COLLECTED DATA -
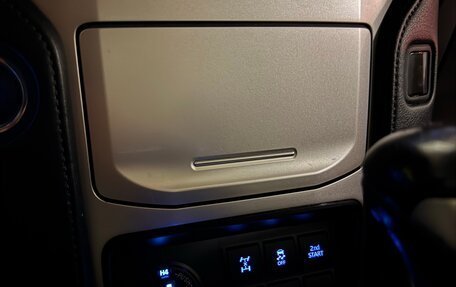 Toyota Land Cruiser Prado 150 рестайлинг 2, 2017 год, 5 000 000 рублей, 3 фотография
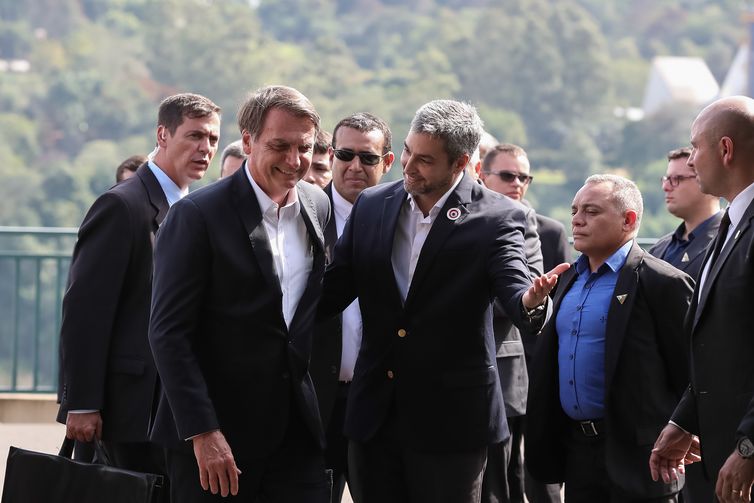 Os presidentes do Brasil, Jair Bolsonaro, e do Paraguai, Mario Abdo Benítez, durante cerimônia de lançamento da pedra fundamental da segunda ponte entre os dois países.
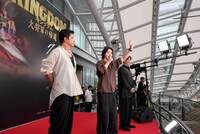 左から大沢たかお、山崎賢人、要潤。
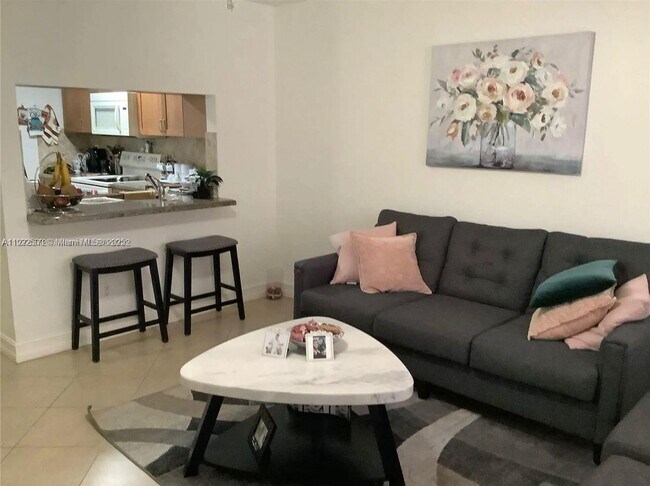 Foto del edificio - 10052 Winding Lake Rd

ASSIGNMENT -
Set down every line above exactly, pictures excluded.

SOLUTION FOR THIS PROBLEM -
 Toyota Land Cruiser Prado 150 рестайлинг 2, 2017 год, 5 000 000 рублей, 3 фотография
 Os presidentes do Brasil, Jair Bolsonaro, e do Paraguai, Mario Abdo Benítez, durante cerimônia de lançamento da pedra fundamental da segunda ponte entre os dois países.
 左から大沢たかお、山崎賢人、要潤。
 Foto del edificio - 10052 Winding Lake Rd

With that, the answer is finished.